Upon the Closing, the Purchaser shall deposit an amount of $AMOUNT in cash into an escrow account, known as the “Escrow Amount,” which will be held for 12 months after the Closing, referred to as the “Escrow Term.” The release of the Escrow Amount will be subject to the provisions of the Escrow Agreement. During the Escrow Term, any indemnification obligations of the Sellers shall be satisfied initially by reducing the principal amount of the escrow.
The Seller is responsible for paying any brokerage fees and commissions. The Purchaser will bear all its expenses, such as legal, accounting, consulting, financing, and other fees and out-of-pocket expenses. Unless otherwise stated, no fees related to the transaction or post-closing will be charged.
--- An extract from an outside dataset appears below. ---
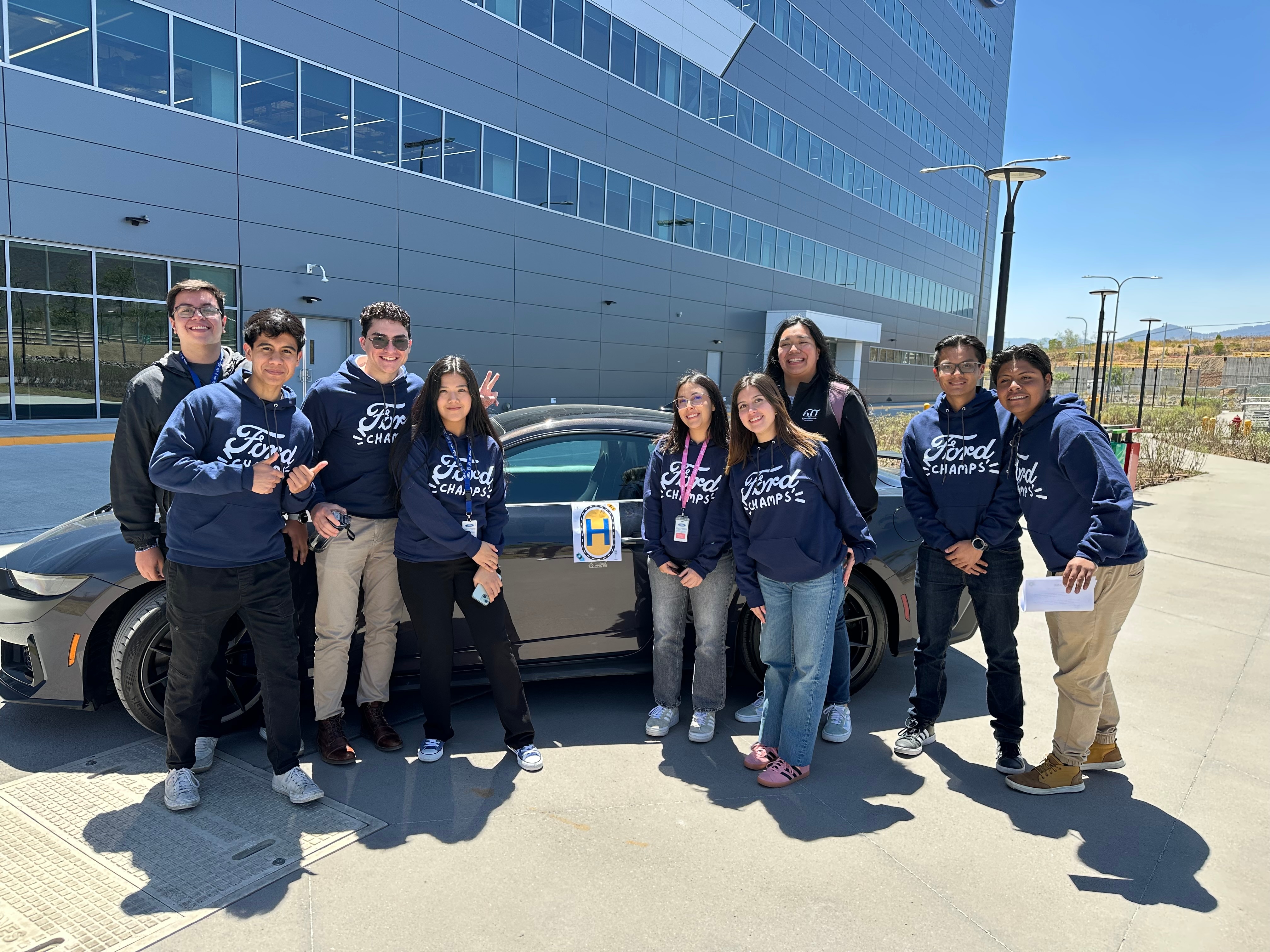 A group of students smiling and posing together in front of a parked car on a sunny day.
The completion of the transaction by the Purchaser and Seller will only be subject to the following conditions precedent:
(a) Sellers performing the covenants in the Purchase Agreement;
(b) Sellers’ representations and warranties being true in all material respects on the closing date;
(c) No court or regulatory order preventing the parties from completing the transaction;
(d) Obtaining consents to change of control for material contracts containing change of control clauses;
(e) No material adverse change affecting the Company, except for any changes that are not specific to the Company; and
(f) Sellers and Purchaser satisfying all closing delivery requirements under the purchase agreement.
The purchase agreement will not include any financing or due diligence conditions.
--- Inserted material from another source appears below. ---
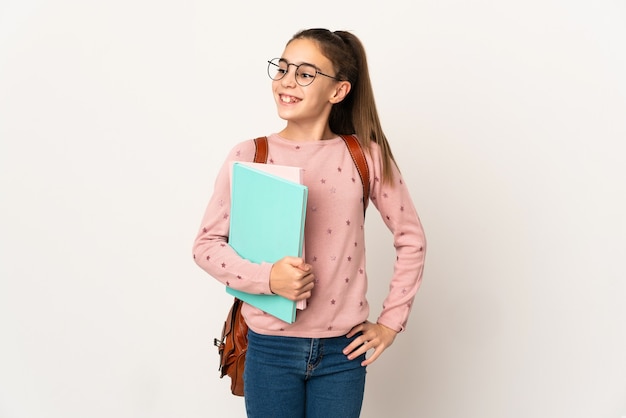 Piccola donna dell'allievo sopra la parete isolata che posa con le braccia all'anca e sorridere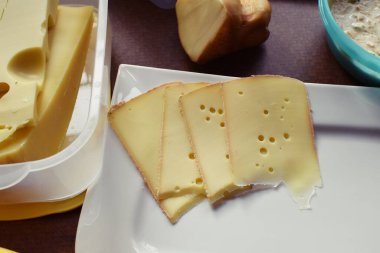 Farklı peynir türleriyle dolu beyaz bir tabak. Almanya 'da akşam yemeği için beyaz bir tabakta dilimlenmiş peynir.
As part of the Definitive Agreements, Seller and each of the Sellers will provide customary representations and warranties for a transaction of this nature. These representations and warranties will remain in effect for 12 months following the Closing, except for the Fundamental Reps, which will survive indefinitely after the Closing. Fundamental Reps include representations and warranties related to due authorization, no-conflict, validity and enforceability, capitalization, affiliate transactions, title to assets, and brokers. Tax matters will survive until 90 days after the expiration of all applicable statutes of limitations (including all extensions thereof) related to the underlying subject matter being represented.
Sellers shall indemnify Purchaser, based on the terms and conditions outlined below, for (a) any violation of representations and warranties described in the Definitive Agreements, (b) any violation of covenants provided in the Definitive Agreements, (c) any Excluded Liabilities, (d) any pre-closing tax obligations, and (e) claims arising from fraudulent representation in the Definitive Agreement. Such indemnification will be on a several basis, pro rata share, and not joint and several among the Sellers.
For all representations, warranties, indemnities, and other obligations provided by the Sellers regarding the Company, each Seller will be separately liable (and not jointly and severally liable). For all representations, warranties, indemnities, and other obligations provided by a Seller regarding themselves, each Seller will be separately liable (and not jointly and severally liable).